L’admettre signifierait croire que sous cette tournure pléonastique, « nous donnons plus de liberté au travailleur pour organiser beaucoup plus librement sa semaine de travail » qu’a utilisée Alexander De Croo à la tribune de la Chambre, cette liberté par laquelle les employés qui le souhaiteraient pourraient ramasser leurs 38 heures de travail hebdomadaire en quatre jours plutôt qu’en cinq, se cache une conquête du prolétariat organisé et pas un retour, dénoncé par les syndicats, sur la loi des huit heures de Joseph Wauters, ni une possibilité de plus pour certains employeurs, annoncée par certaines associations féminines, de compliquer l’existence des mères célibataires.

Le dire sous-entendrait qu’instaurer « un cadre plus souple pour l’e-commerce » qui encouragerait le travail de nuit et le travail du dimanche, dont Alexander De Croo a expliqué qu’il était « demandé par le secteur » correspond à un souhait syndical plutôt qu’à une revendication patronale.

Frank is the new Maggie

Le propager voudrait dire estimer que les projets de Frank Vandenbroucke (Vooruit) pour « freiner la croissance de certaines dépenses, telles que celles liées à l’incapacité de travail« , censées « responsabiliser » non seulement les entreprises dont les employés tombent malades, non seulement les médecins qui attestent que les employés sont malades, non seulement les mutualités qui accompagnent les malades dont les maladies sont attestées par des médecins, mais aussi les malades eux-mêmes, seraient plus socialistes parce qu’ils ont été proposés par un ministre socialiste que ceux que le CD&V avait rejetés, qui étaient pareils mais suggérés par une libérale, Maggie De Block.
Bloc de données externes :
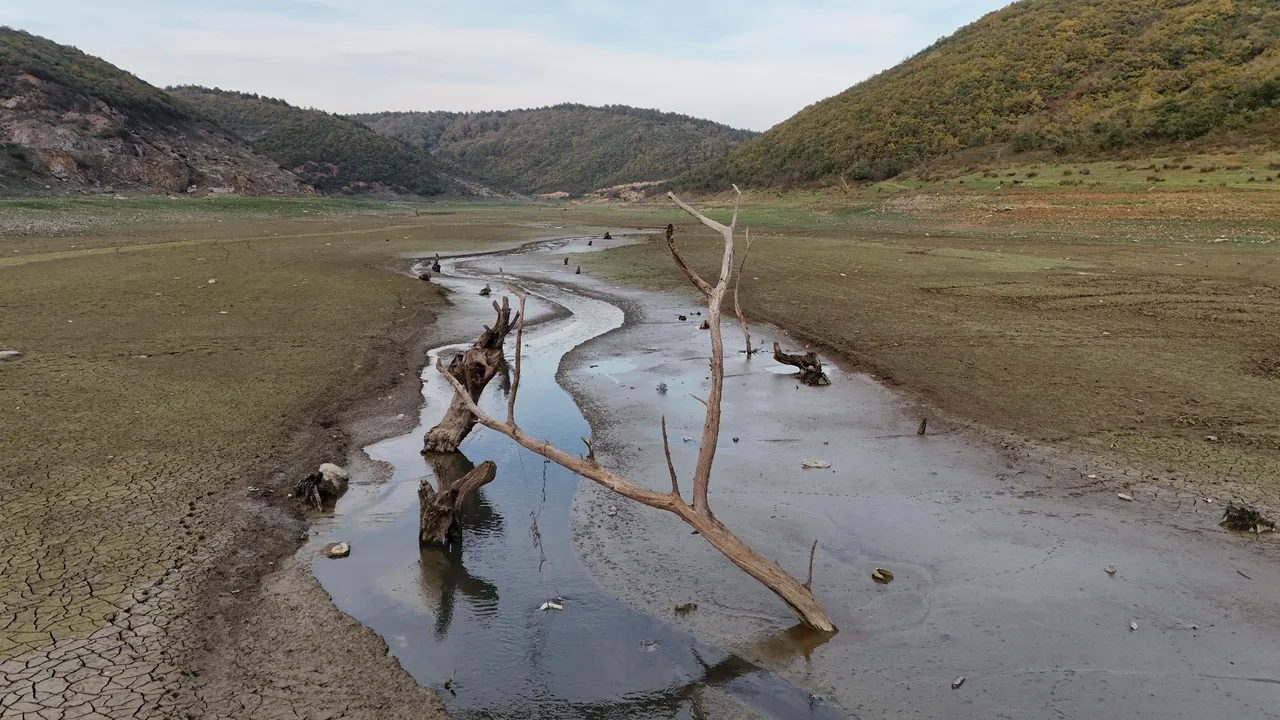 İl il gezen felaket İstanbul’da da kapıya dayandı! Barajlarda 5 aylık su kaldı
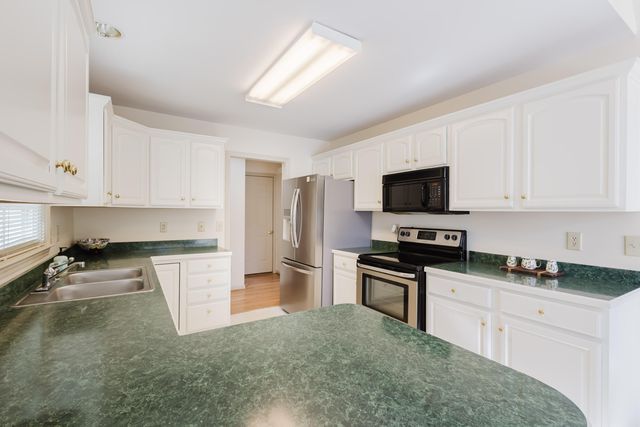 1101 Carters Close, Lexington, KY 40514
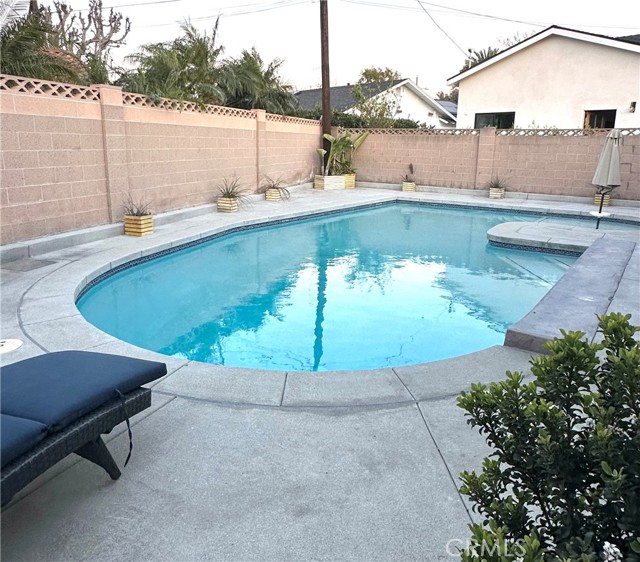 Detail Gallery Image 24 of 27 For 12746 Martha Ann, Los Alamitos,  CA 90720 - 4 Beds | 3 Baths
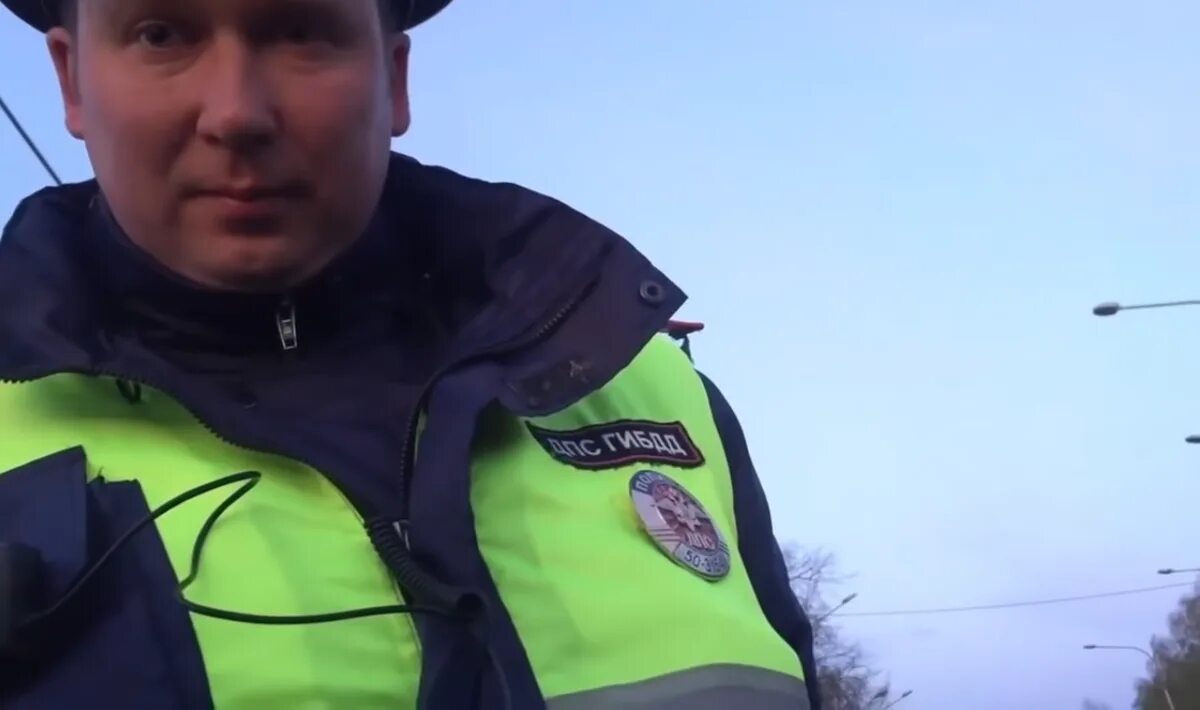 Злой дпс. Видео дпсник. Видео дпсник. Угрожал пистолетом водителю. Приколы гаишников на дороге.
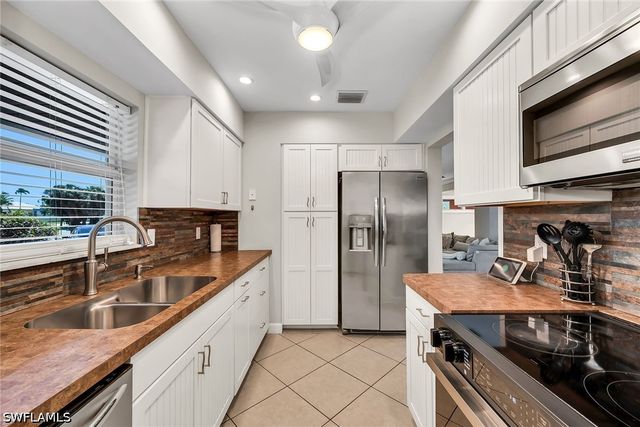 146 Greenbrier ST, Marco Island, FL 34145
En réalité, les socialistes francophones n’ont pas gagné. Ce PS qui dit avoir cassé la logique de l’austérité n’est pas sorti renforcé de ces semaines de négociations sur le budget et la réforme du marché du travail. Car s’il a obtenu que l’Etat mobilise de l’argent, il devra aussi concéder qu’il se réforme, et ces réformes cassent bien davantage la logique de l’Etat social que celle de l’austérité. Contre ce carburant dont avaient besoin les pensionnés, les salariés les moins pourvus et les allocataires sociaux, le PS a accepté de revoir la mécanique. Si elle se met à tourner dans le sens voulu, elle le privera, à l’avenir, du carburant que réclame toujours davantage le monde du travail.

S’il répète qu’il a cassé la logique de l’austérité, c’est qu’il s’est retrouvé isolé, le PS, depuis sa rentrée médiatique surjouée jusqu’aux minutes cruciales de cette nuit budgétaire.

Il a retrouvé, le Parti socialiste, le Frank Vandenbroucke des années deux mille, celui de l’Etat social actif, qui veut remettre les malades au travail et qui a demandé à l’Onem des simulations gourmandes sur l’exclusion des chômeurs.

Il a découvert, le PS, que son écosocialisme l’obligeait à appuyer les exigences écologistes sur le climat et le rail, mais n’engageait pas Ecolo à le gâter de trophées en retour.

Il s’est rappelé, le PS, que les libéraux n’avaient pas besoin de spécialement bien s’entendre pour rester libéraux.

Il a dû admettre qu’il ne pourrait pas vraiment casser la logique de l’austérité, mais le dire, en espérant que ça s’entende plus fort que quand le PTB crie qu’il la renforce.